2008/05/04

Deadly farcism

“Reports of my death have been greatly exaggerated,” God is reported to have said to Nietzsche, years after reading Also sprach Zarathustra. (He was of course plagiarizing Mark Twain, who was plagiarizing himself.)

Lately, Fascism (now called “neo-”) appears to be shouting the same thing from the balconies and stairways of Rome. “It never died!" cry the excited Alemanno supporters with their stiff-armed salute. But I think it's an illusion. Fascism, at least in its classic Mussolini sense, did indeed die, even before the Republic of Salo (1943 -- Benito Mussolini's last stand after he'd been dismissed, arrested, and then rescued by German forces).
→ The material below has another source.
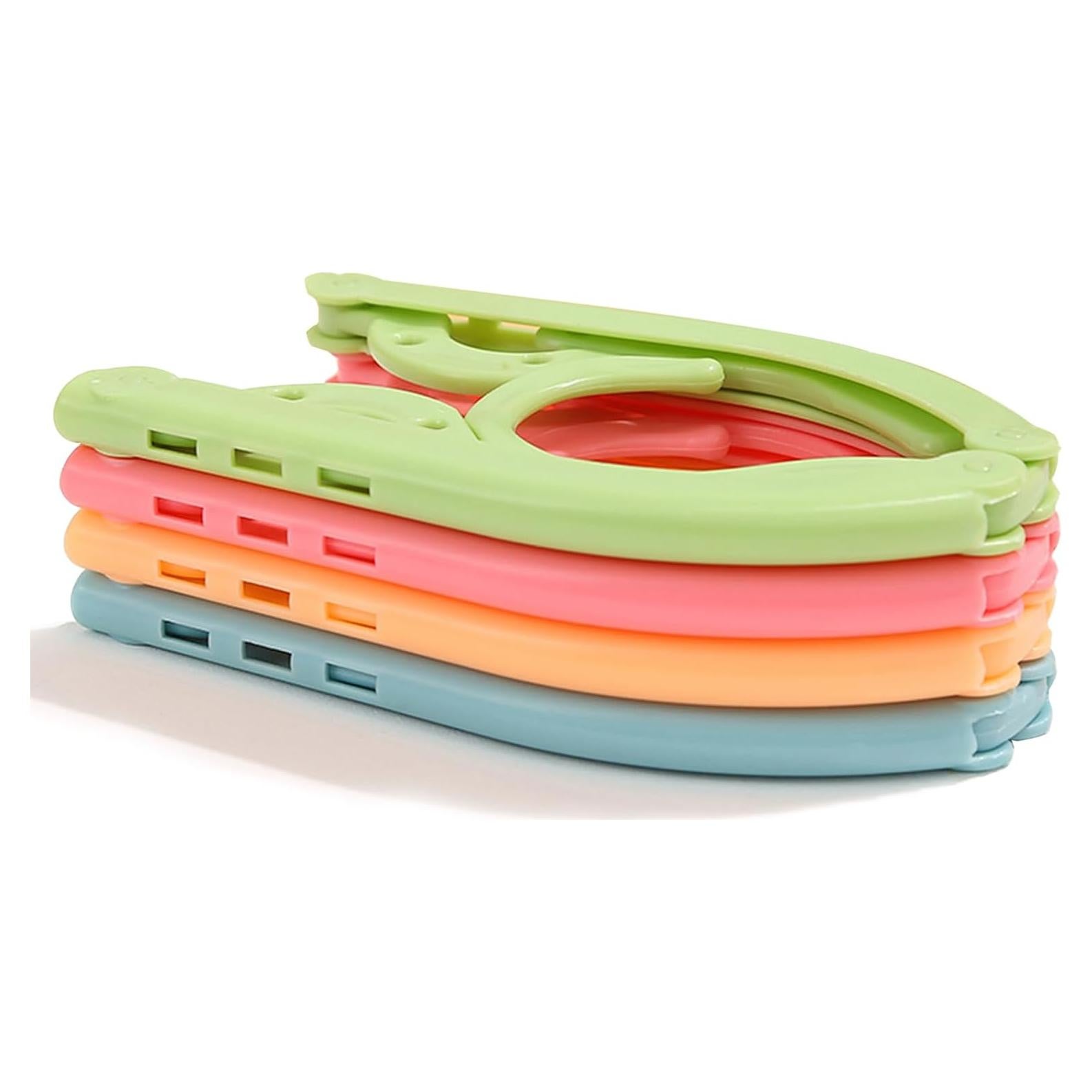 12 Perchas de Viaje Plegables MYLDH Ahorro de Espacio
Fascism as a revolutionary force expired almost as soon as it was born, when its egalitarian pretensions were overtaken by its Blackshirt thugs in 1918 and 1919. Fascism as a “corporatist” system of government remained a fantasy even after the Fascisti came to power in 1922. But as a populist and popular movement, imposing its slogan Credere, obedere, pugnare -- “Believe, obey, fight” -- it lasted for more than 20 years before it exhausted itself.

Then, as now, Fascism presented itself as a simple and direct solution to overwhelming social problems. And as usual with such, it was simple, neat and wrong. Today, it's not even plausible: How is a coalition of the Liga del Norte, Alemanno's neofascism, and Berlusconi's media empire going to get the garbage picked up in Naples? Or stem the wasteful gush of public resources in corruption and bureaucracy? Or provide living wages? Oh, I get it: By beating up on Rumanian Gypsies. It's all their fault! Credere, obedere, pugnare.

“The past is never dead. It's not even past," says a character in William Faulkner's Requiem for a Nun. But its ghosts come back as players in farce, to plagiarize another 19th century author.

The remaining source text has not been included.